Stuff that I don't want getting hot, such as nimh and lithium batteries, and camera equipment, has a space inside. Drysuits also eventually make it inside. Everything else stays in the garage. Most of the gear was used when I got it, and is still working fine, despite my ingearmane treatment, and like I said, the bits that are wearing out aren't because the plasticizers leaked (which I'm sure they do. Drysuit seals wear out much faster in the heat, and old car plastic just looks terrible), but rather because of the diving I do....or silly stuff like dropping it.

I had a really nice mask get scratched because I ran into a rock while doing a lost line drill during cave training, and another mask destroyed when a vulture grabbed it while I wasn't looking. The current mask does just fine floating around the gear box.
 
Attic fans are great and can extend the life of a homes roof, let alone cool a house or garage down substantially. Solar powered makes it free to run. Buying it from Costco/Sam's Club insures it has a great warranty.
.

I agree 100%. cooling down the attic will greatly cool down the roof and help keep the house cooler.

I've got 2 thermostat controlled attic vents on now. (120volt). The idea of putting solar ones in does appeal to me. They keep the attic from being at 120-140f during the summer heat down to 95-100f. MUCH cooler that you can actually stand to be in there.

I'm going to look at the solar ones. Thanks for the links.



-Where you live, house wise. Not only do I not have a good spot to store four sets of doubles, and six single bottles, the four rubbermaid totes and four milk crates and the hundred pound scooter inside the house, but there is no way I'm carrying all that stuff up multiple flights of stairs several times a month. That would mean touching up the paint on the walls several times a month, and a greater likelihood of ME wearing out earlier :D
.

good point. I used to run into that problem in an apartment when I used to whitewater kayak every weekend.

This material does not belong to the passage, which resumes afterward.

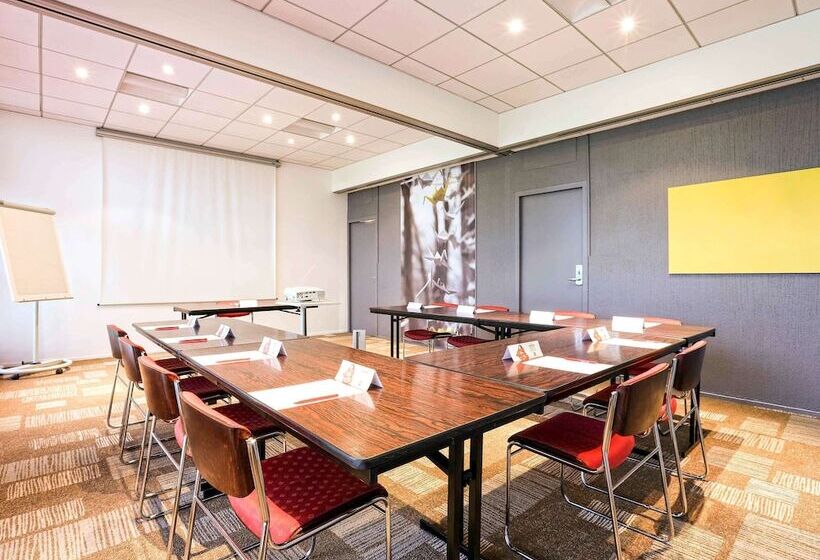 בית מלון כפרי Ibis Charlevillemézières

Ideally a storage unit would have been great to store my kayak(s) and gear in (but of course those cost money, which as you know is tight for college students and right after college). So for lacking a better place to store it, my kayaks sat in the middle of my apartment living room floor, almost as a "coffee table".

oh well... it worked.
 
Drysuits also eventually make it inside.

Thanks for your post it validated what I'm doing :D. With one exception - I've been storing my drysuits in the garage. I'm primarily a weekend diver so they do dry out but it didn't occur to me to bring them in after they dried off. is that what others do too?